In a third supporting study, the biotransformation of radiolabeled test substance [(5-hydroxy-1,3-dimethylpyrazol- 4-yl)(2-mesyl-4-trifluoromethylphenyl)methanone] was studied in a sandy loam soil (pH 6.1 in CaCl2, 1.4% organic carbon) from Monheim, Germany for 120 d under aerobic conditions in the dark, at 20 °C and 50% of maximum water holding capacity. The experiment was conducted in accordance with the OECD 307, and in compliance with GLP.

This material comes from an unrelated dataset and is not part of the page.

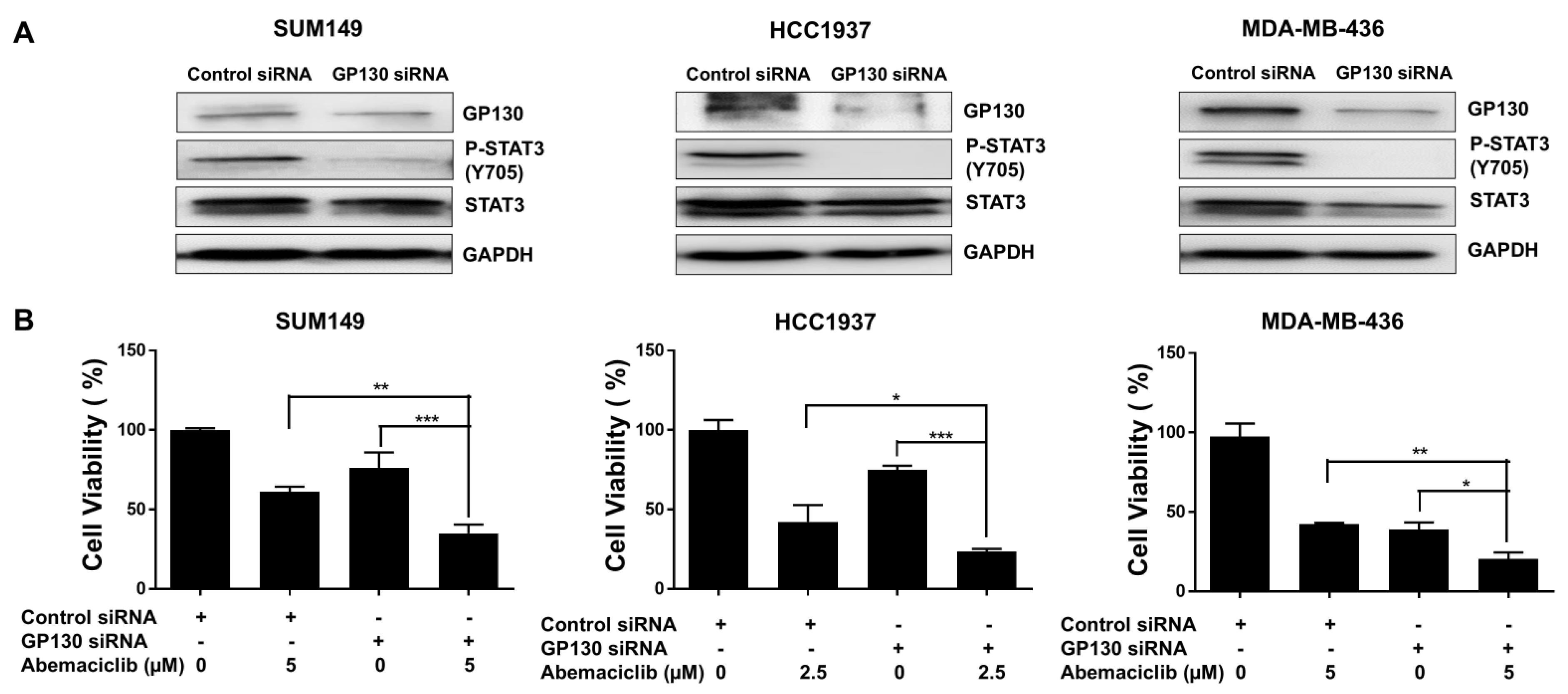 Cells 14 01602 g004 Cells 14 01602 g004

Results for Radiolabel #A - [phenyl-UL-14C] test substance: The simple first order half-life of [phenyl-UL-14C]test substance in the test soil was 34 days (R² = 0.96). No major transformation products (> 10 % of applied) were observed. At study termination, evolved 14CO2 accounted for 16.3 % of the applied radioactivity. No significant amounts of volatile organics were detected at any sampling timepoint (≤ 0.1 % of applied).

 

Results for Radiolabel #B - [pyrazole-3-14C] test substance: The simple first order half-life of [pyrazole-3-14C]test substance in the test soil was 30 days (R² = 0.95). No transformation products of significance were observed. At study termination, evolved 14CO2 accounted for 18.0% of the applied radioactivity. No significant amounts of volatile organics were detected at any sampling timepoint (≤ 0.1% of applied).